Welcome to my Crime and Justice blog! I am a 19 year old criminal justice student at the University of Winnipeg. I advocate for prisoners' rights, human rights, equality and criminal justice/prison system reforms.

Sunday, July 4, 2010

Tough on crime laws are tough to swallow!


Canada has a $47-billion deficit, a crime rate that is falling steadily, and a public that is not clamouring for tougher crime laws. Yet in the face of little real need and even less available money, the Conservative government is planning to more than double the country's spending on prisons, to double the number of inmates.
The Conservatives' latest piece of get-tough-on-crime legislation, the Truth in Sentencing Act, will require about $1.8 billion over five years to build 13 more prisons, and then an additional $618 million a year for capital, operations, and maintenance costs, according to Parliamentary budget officer Kevin Page's report last week. The act dispenses with two-for-one credit for time spent in pre-sentence custody.
Instead of using the report as a chance to rethink the wisdom of spending billions of dollars -as much as $9.5 billion by 2015-16 -Public Safety Minister Vic Toews rejected Page's figures, saying he "must be making this up."
But if Page has to rely on estimates, it's because he can't get access to accurate figures.

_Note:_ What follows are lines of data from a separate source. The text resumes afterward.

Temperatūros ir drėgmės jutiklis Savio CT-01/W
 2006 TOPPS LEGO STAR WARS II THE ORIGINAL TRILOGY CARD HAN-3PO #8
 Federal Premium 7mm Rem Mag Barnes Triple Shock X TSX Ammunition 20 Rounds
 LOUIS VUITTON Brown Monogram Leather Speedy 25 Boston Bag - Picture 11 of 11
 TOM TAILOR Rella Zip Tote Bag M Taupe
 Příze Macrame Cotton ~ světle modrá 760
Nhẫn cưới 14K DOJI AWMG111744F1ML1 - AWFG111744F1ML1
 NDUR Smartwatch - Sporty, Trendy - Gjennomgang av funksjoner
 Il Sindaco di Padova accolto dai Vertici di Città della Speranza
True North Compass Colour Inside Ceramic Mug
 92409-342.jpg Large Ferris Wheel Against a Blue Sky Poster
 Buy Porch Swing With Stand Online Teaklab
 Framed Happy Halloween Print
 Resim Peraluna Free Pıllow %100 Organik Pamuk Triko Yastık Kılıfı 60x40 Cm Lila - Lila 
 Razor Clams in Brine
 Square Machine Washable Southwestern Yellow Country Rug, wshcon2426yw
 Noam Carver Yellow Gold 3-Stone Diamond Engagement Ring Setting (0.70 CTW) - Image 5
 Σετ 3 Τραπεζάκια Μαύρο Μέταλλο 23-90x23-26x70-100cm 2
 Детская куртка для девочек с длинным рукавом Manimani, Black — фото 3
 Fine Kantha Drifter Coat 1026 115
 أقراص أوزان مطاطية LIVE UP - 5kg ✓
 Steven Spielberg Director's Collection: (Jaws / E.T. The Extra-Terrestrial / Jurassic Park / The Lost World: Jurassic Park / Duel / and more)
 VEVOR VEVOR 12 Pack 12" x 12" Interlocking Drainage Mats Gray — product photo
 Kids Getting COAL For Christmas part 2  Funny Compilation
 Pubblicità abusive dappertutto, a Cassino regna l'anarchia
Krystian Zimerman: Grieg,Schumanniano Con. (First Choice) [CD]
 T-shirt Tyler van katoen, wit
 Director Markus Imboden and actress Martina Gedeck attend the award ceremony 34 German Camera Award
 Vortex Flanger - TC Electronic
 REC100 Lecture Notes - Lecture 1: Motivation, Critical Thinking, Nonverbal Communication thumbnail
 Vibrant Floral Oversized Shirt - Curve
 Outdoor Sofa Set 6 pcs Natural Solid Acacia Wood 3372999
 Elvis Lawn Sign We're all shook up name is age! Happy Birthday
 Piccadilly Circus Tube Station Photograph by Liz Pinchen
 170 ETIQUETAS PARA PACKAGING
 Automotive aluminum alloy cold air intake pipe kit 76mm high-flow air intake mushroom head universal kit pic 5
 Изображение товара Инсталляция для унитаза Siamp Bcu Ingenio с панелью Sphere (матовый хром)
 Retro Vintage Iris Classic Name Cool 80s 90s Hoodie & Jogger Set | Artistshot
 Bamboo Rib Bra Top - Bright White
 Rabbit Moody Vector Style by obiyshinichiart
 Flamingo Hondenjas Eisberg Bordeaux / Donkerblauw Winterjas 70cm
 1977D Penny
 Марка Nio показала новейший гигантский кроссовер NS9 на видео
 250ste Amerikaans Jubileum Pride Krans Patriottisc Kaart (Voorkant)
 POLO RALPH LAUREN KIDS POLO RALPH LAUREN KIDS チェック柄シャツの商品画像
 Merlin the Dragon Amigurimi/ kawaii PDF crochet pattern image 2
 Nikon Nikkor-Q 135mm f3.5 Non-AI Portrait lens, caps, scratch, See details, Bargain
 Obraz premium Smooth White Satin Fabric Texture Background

In any case, Page's estimates should force Toews's hand. The minister must know what the real costs are, and should publish them in detailed, reliable form so they can be studied by everyone from Page to Joe and Joan Taxpayer. If Toews doesn't know what the real costs are, he has no business bringing in legislation that can force Canadian taxpayers to pay billions they might prefer to spend on health care and education.
Toews is the minister who first said the Truth in Sentencing Act would cost $90 million over the next two years -at the very most. Today, he admits $2 billion over five years is a more likely figure -double the $1-billion federal gun registry price tag. There's a big difference between Toews's original estimate and his revised one. And he's accusing Page of making things up?
The Truth in Sentencing Act is just the latest in an astonishingly long list of tough-on-crime laws introduced by the Harper government since it was first elected in 2006. As Le Devoir reported recently, the Conservatives have introduced 53 public security laws in the last 31/2 years. Only a dozen of these have been adopted, the rest dying on the order paper.
One effect of the new laws in general is to remove judges' discretion and, with it, the ability of the justice system to react appropriately to individual circumstances.
Excessive costs and negative results should be enough to send a government back to the drawing board. But the Harper government appears determined to continue talking up, and sometimes passing, "tough on crime" laws with few redeeming features.

Getting tough on crime is completely ineffective! It will not reduce or prevent crime and will not increase public safety in the long term. There will be more prison overcrowding with increased tensions, stress and levels of violence among inmates and staff, which leads to angry and bitter inmates being released with little assistance, support and guidance in the community. Prisons are quick fixes, but not long term solutions to crime. If the government is truly interested in reducing and preventing crime, they need to spend more money on prevention programs and community rehab programming, as opposed to incarcerating more people for longer periods.